#### Try it
When the listing below reaches the line that has "60 Stücke Mini", start reproducing exactly; stop after the line that has "Studio Apartment Sabljic", and drop the pictures.

#### Given data
----------
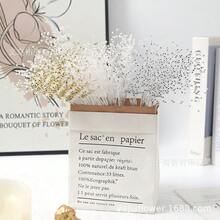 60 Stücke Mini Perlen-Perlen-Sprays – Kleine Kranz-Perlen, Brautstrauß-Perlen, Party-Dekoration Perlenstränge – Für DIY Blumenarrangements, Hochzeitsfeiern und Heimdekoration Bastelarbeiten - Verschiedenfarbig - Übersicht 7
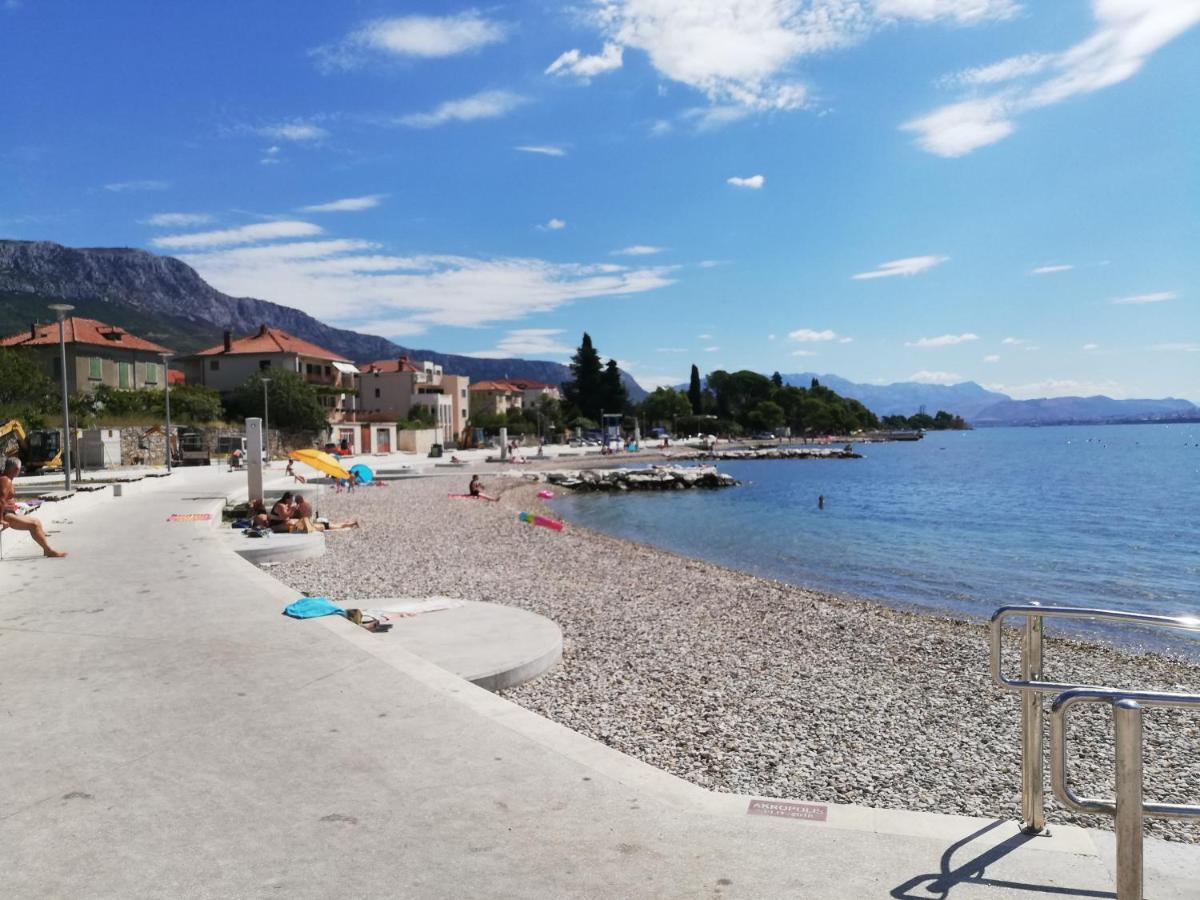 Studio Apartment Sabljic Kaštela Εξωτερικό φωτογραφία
----------
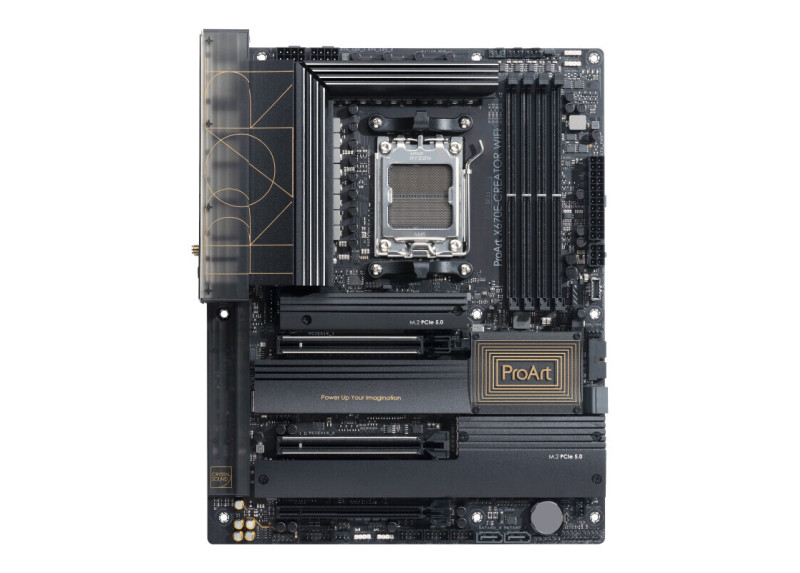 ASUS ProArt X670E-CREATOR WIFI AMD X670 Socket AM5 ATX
----------
#### Response to this exercise
 60 Stücke Mini Perlen-Perlen-Sprays – Kleine Kranz-Perlen, Brautstrauß-Perlen, Party-Dekoration Perlenstränge – Für DIY Blumenarrangements, Hochzeitsfeiern und Heimdekoration Bastelarbeiten - Verschiedenfarbig - Übersicht 7
 Studio Apartment Sabljic Kaštela Εξωτερικό φωτογραφία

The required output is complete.